BRIEF: Begin the copy at the line containing "Fresh Hotel Falim Ipoh Exterior foto" in the data below and end it at the line containing "Detail image of", keeping each line exact and leaving out pictures.

━━━━━ SUPPLIED ENTRIES

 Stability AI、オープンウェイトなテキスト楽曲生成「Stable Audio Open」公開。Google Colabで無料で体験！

━━━━━━━━━━
━━━━━ SUPPLIED ENTRIES

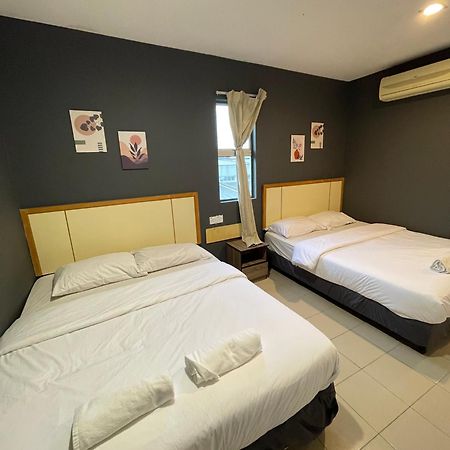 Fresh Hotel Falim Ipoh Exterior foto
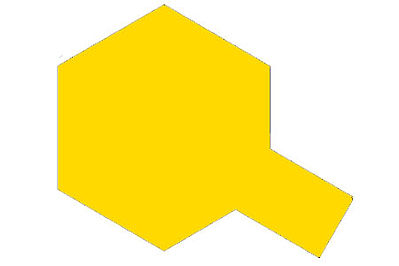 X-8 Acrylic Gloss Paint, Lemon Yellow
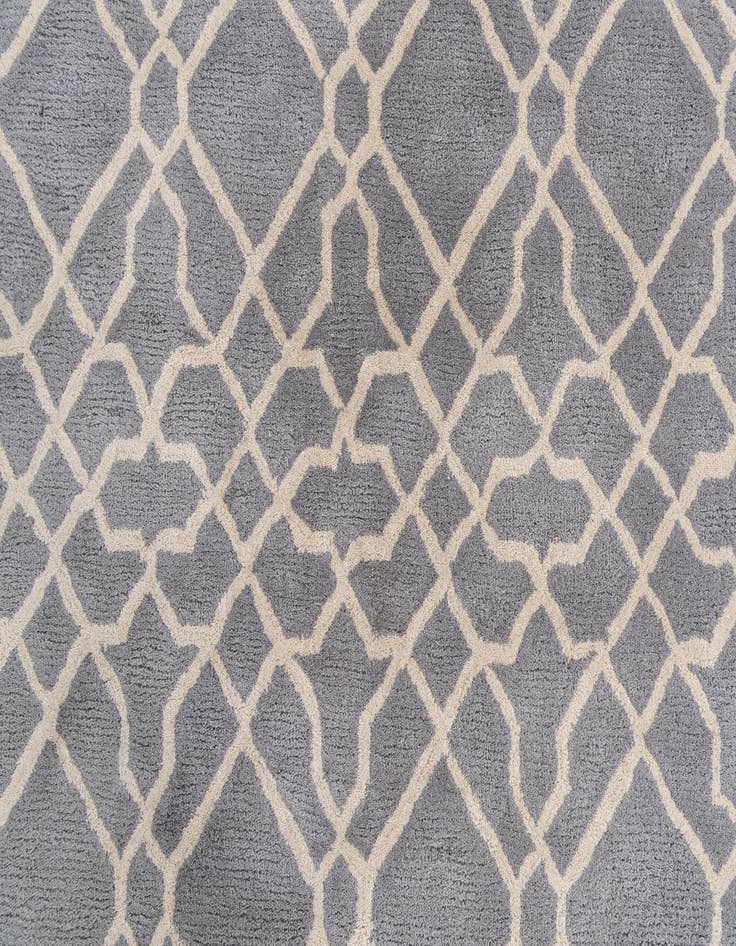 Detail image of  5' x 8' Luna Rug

━━━━━━━━━━

RESULT OF THIS TASK:
 Fresh Hotel Falim Ipoh Exterior foto
 X-8 Acrylic Gloss Paint, Lemon Yellow
 Detail image of  5' x 8' Luna Rug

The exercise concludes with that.